Distribution of spatial and temporal information over the training (a) and test (b) datasets

In order to evaluate the performance of our proposed quality metric, in addition to the general distortions used by 2D quality metric studies [47, 51, 52] we take into account the distortions that may occur during 3D video content delivery and display. The suggested scheme for delivering 3D content is to transmit two or three simultaneous views of the scene and their corresponding depth maps, and synthesize extra views at the receiver end to support multiview screens [27]. In this process the delivered content might be distorted due to compression of views, compression of depth maps, or view synthesizing.

Once these distortions are applied to the content, the quality of videos is evaluated both subjectively and objectively using the HV3D metric and existing state-of-the-art 2D and 3D metrics. Note that the levels of distortions applied to the 3D content are such that they lead to visible artifacts which in turn allow us to correlate subjective tests - Mean Opinion Score (MOS) - with objective results.

The following types of distortions are applied to both training and validation 3D videos (seven different types of distortions applied to 16 original videos, which results in 208 distorted videos):

  1. 1)

    White Gaussian noise: white Gaussian noise with zero mean and variance value 0.01 is applied to both right and left views. DERS is used to generate a new depth map for the distorted stereo pair [50].

  2. 2)

    Gaussian low pass filter: a Gaussian low pass filter with the size 4 and the standard deviation of 4 is applied to both right and left views. Then DERS generated a new depth map for the distorted stereo pair [50].

  3. 3)

    Shifted (increased) intensity: the brightness intensity of right and left video streams is increased by 20 (out of 255). Once more, a new depth map is generated for the distorted stereo pair using DERS [50].

  4. 4)

    High compression of views (simulcast coding): the right and left views are simulcast coded using an HEVC-based encoder (reference software HM ver. 9.2) [24, 37, 49]. The low delay configuration setting with the GOP (group of pictures) size of 4 was used. The quantization parameter (QP) was set to 35 and 40 to investigate the performance of our proposed metric at two different compression-distortion levels with visible artifacts. A new depth map for the distorted stereo pair is generated using DERS [50].

  5. 5)

    High compression of depth map: the depth map of one view (left view in our simulations) is compressed using an HEVC-based encoder (HM reference software ver. 9.2 [24, 37, 49]) with QPs of 25 and 45, and low delay profile with GOP size of 4. Then, the right view is synthesized using the decoded depth map and the original left view. View synthesis is performed using the view synthesis reference software (VSRS 3.5) [1]. Also, a new depth map for the synthesized view is generated using DERS [50]. The quality of the stereo pair including the synthesized right view and the original left view is compared with that of the reference one.

  6. 6)

    High compression of 3D content (views and depth maps): the right and left view video sequences and their corresponding depth maps are encoded using an HEVC-based 3D video encoder (3D HTM reference software ver. 9 [24]) with random access high efficiency configuration. GOP size was set to 8 and QP values were set to 25, 30, 35, and 40 according to the MPEG common test conditions for 3D-HEVC [29].

  7. 7)

    View synthesis: using one of the views of each stereo pair and its corresponding depth map, the other view is synthesized via VSRS and a new stereo pair is generated [1]. As a result, two sets of distorted stereo pairs are formed where the synthesized view once was the left view and once the right one. Then, new depth maps are generated for these distorted stereo pairs using DERS [50].
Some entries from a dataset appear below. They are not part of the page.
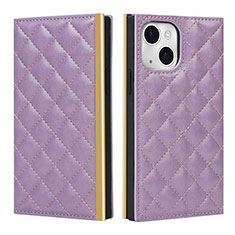 Leather Case Stands Flip Cover L06 Holder for Apple iPhone 15 Purple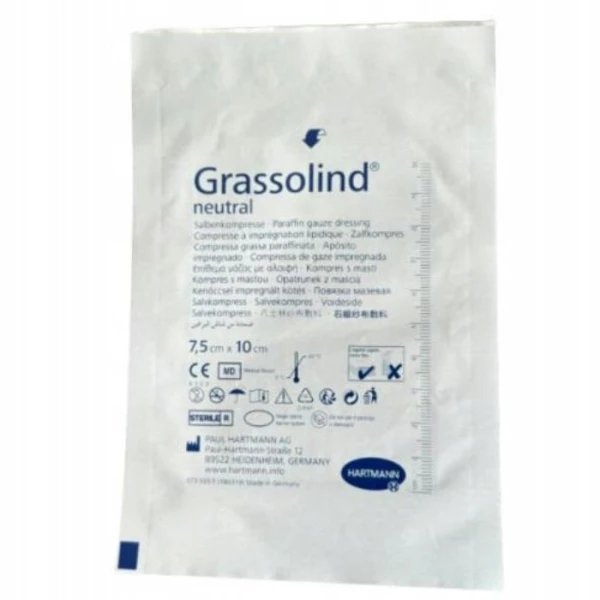 Opatrunek z maścią, Grassolind Neutral, jałowy, 7,5cmx10cm, 1 sztuka
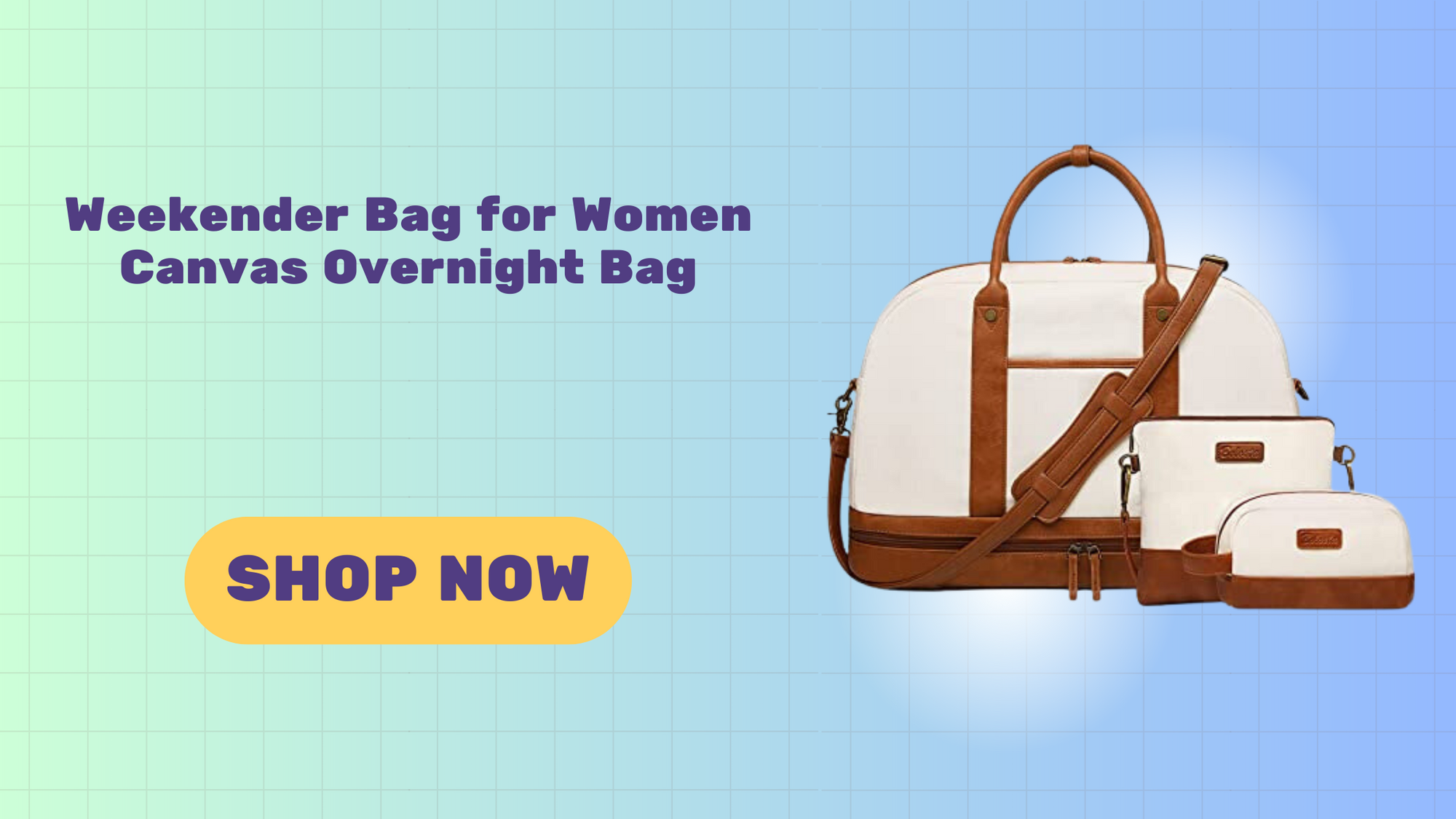 Weekender Bag for Women Canvas Overnight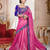 pink embroidered shimmer saree With Blouse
In our study, capturing artifacts (such as window violation, vertical parallax, depth plane curvature, keystone distortion, or shear distortion) are not considered, as our proposed quality metric is a full-reference metric and requires a reference for comparison. In other words, it is assumed that the 3D video content and the corresponding depth map sequences are already properly captured and the goal is to evaluate the perceived quality when other processing/distortions are applied. Distortions introduced during 3D content acquisition using rangefinder sensors are not considered in our experiments. In addition, we did not take into account the effect of crosstalk, as the amount of crosstalk depends on the 3D display technology used. We assume that the display imposes the same amount of crosstalk to both reference and distorted 3D content. To design a quality metric that takes into account the effect of crosstalk, the information about the amount of crosstalk at different intensity level for different 3D display systems is required.
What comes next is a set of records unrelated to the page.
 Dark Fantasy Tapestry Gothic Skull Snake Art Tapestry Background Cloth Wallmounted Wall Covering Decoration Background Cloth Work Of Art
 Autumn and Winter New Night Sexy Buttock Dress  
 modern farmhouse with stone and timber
After applying the seven above-mentioned distortions (at different levels) to the 16 stereo videos, we obtain 208 distorted stereo videos.

3.2 Subjective test setup

The viewing conditions for subjective tests were set according to the ITU-R Recommendation BT.500-13 [39]. The evaluation was performed using a 46” Full HD Hyundai 3D TV (Model: S465D) with passive glasses. The peak luminance of the screen was set at 120 cd/m2 and the color temperature was set at 6500 K according to MPEG recommendations for the subjective evaluation of the proposals submitted in response to the 3D Video Coding Call for Proposals [28]. The wall behind the monitor was illuminated with a uniform light source (not directly hitting the viewers) with the light level less than 5 % of the monitor peak luminance.
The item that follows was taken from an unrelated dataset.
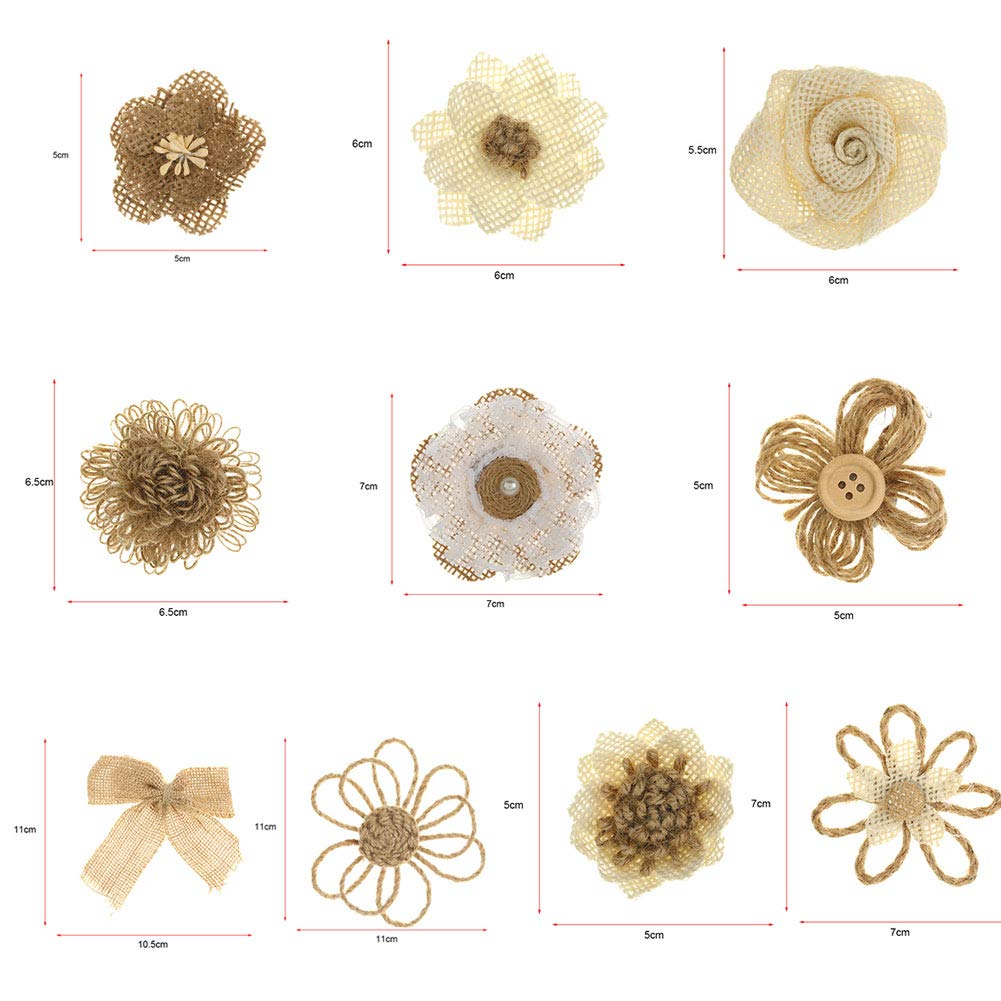 10Pcs Jute Burlap Flowers,10 Styles Handmade Natural Rustic Flower for Wedding Party Decor Home Embellishment DIY Crafts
A total of 88 subjects participated in the subjective test sessions, ranging from 21 to 32 years old. All subjects had none to marginal 3D image and video viewing experience. They were all screened for color blindness (using Ishihara chart), visual acuity (using Snellen charts), and stereovision acuity (via Randot test – graded circle test 100 s of arc). Subjective evaluations were performed on both training and validation data sets (see Tables 1 and 2).

Test session started after a short training session, where subjects became familiar with video distortions, the ranking scheme, and test procedure. Test sessions were set up using the single stimulus (SS) method where videos with different qualities were shown to the subjects in random order (and in a different random sequence for each observer). Each test video was 10 s long and a four-second gray interval was provided between test videos to allow the viewers to rate the perceptual quality of the content and relax their eyes before watching the next video. There were 11 discrete quality levels (0–10) for ranking the videos, where score 10 indicated the highest quality and 0 indicated the lowest quality. Here, the perceptual quality reflects whether the displayed scene looks pleasant in general. In particular, subjects were asked to rate a combination of “naturalness”, “depth impression” and “comfort” as suggested by [25]. After collecting the experimental results, we removed the outliers from the experiments (there were seven outliers) and then the mean opinion scores (MOS) from the remaining viewers were calculated. Outlier detection was performed in accordance to ITU-R BT.500-13, Annex 2 [39].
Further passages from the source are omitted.